Curious to why you want to give Comfort rides?

From what people are saying they get dinged because their temperature was 2 degrees to high or low or some other Bullshit excuse.


----------



## EngineerAtHeart (Nov 8, 2018)

Parker000 said:


> From what it read when it initially launched, the vehicle had to be 13 or newer. But they may have tightened the restrictions
> 
> I'm actually unsure as to what the glh is


During beta in Chicago is was 2015 midsize sedans and newer/bigger. The rates were 65% higher.

During the full rollout, it became 2017 fullsize sedans and newer/bigger for a 7% higher rate.

Not worth anyone's time to buy a new vehicle, if you already had it fine. Comfort's seem to be longer rides as well.


----------



## R3drang3r (Feb 16, 2019)

Iann said:


> Curious to why you want to give Comfort rides?
> 
> From what people are saying they get dinged because their temperature was 2 degrees to high or low or some other Bullshit excuse.


No more than any other ride. I've been doing comfort rides since the beginning of May. I've only had two actual people request temperature. They simply requested that it be cold. No driver reports, no negative ratings. Pays better than an X ride.


----------



## WinterFlower (Jul 15, 2019)

Parker000 said:


> From what it read when it initially launched, the vehicle had to be 13 or newer. But they may have tightened the restrictions
> 
> I'm actually unsure as to what the glh is


Green Light Hub.

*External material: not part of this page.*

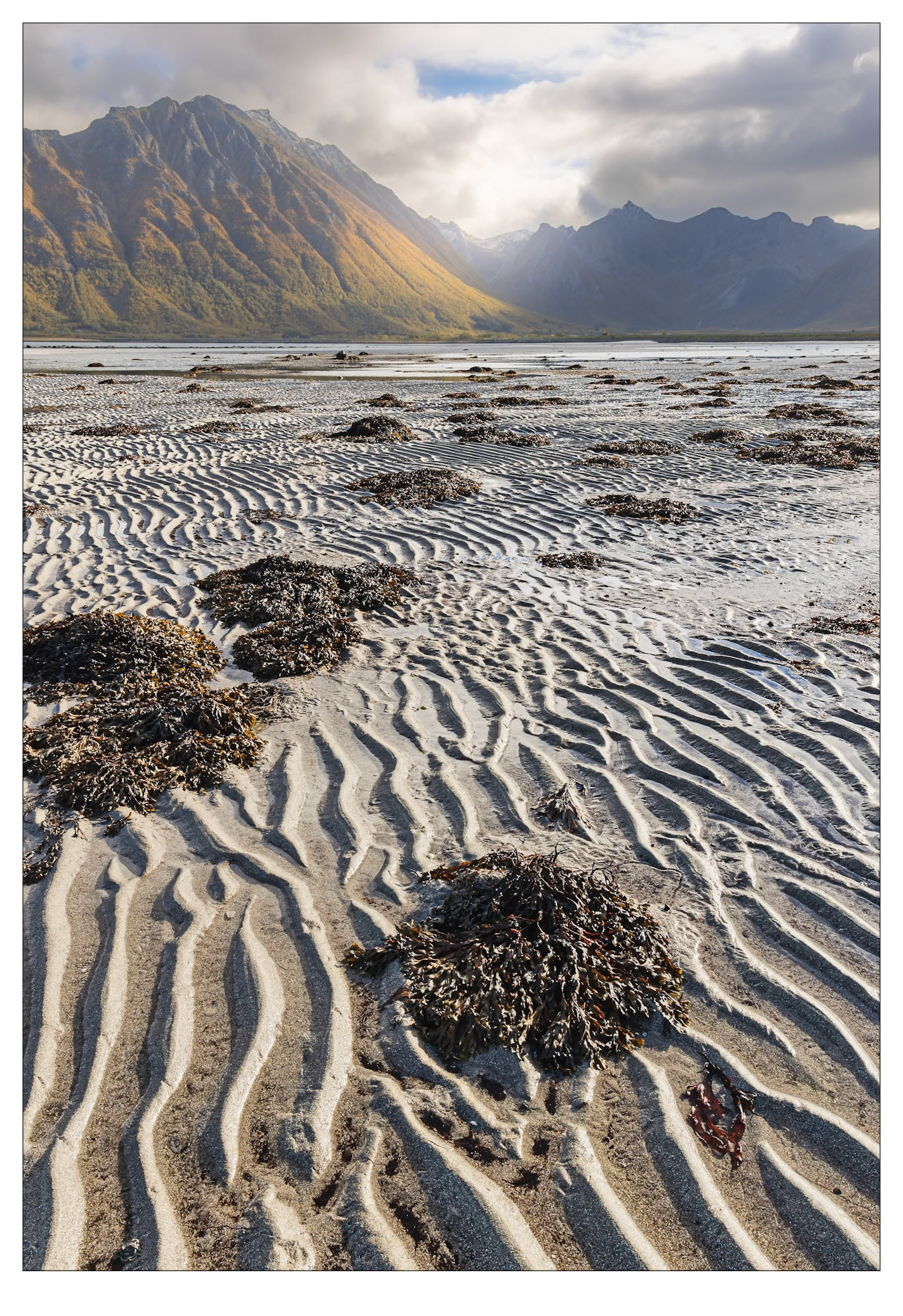 Low Tide Light Show - Lofoten Islands, Norway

Is the American version of Rohit BS


----------



## amazinghl (Oct 31, 2018)

Parker000 said:


> I'm actually unsure as to what the glh is


In the Uber world, what WinterFlower said.

In the car world, GLH stands for Goes Like Hell.
https://www.google.com/search?client=firefox-b-1-d&q=glh+car
Carroll Shelby made a Goes Like Hell Somemore based on the GLH.


----------



## TomTheAnt (Jan 1, 2019)

amazinghl said:


> Carroll Shelby made a Goes Like Hell Somemore based on the GLH.


Those little Omnis with the turbo engine were indeed going like hell. And you could tweak them to go even more.


----------



## losiglow (Dec 4, 2018)

Here in UT it's 2014 or newer. So a 2014 Camry can do comfort but a 2012 Acura TL can't. Ok....


----------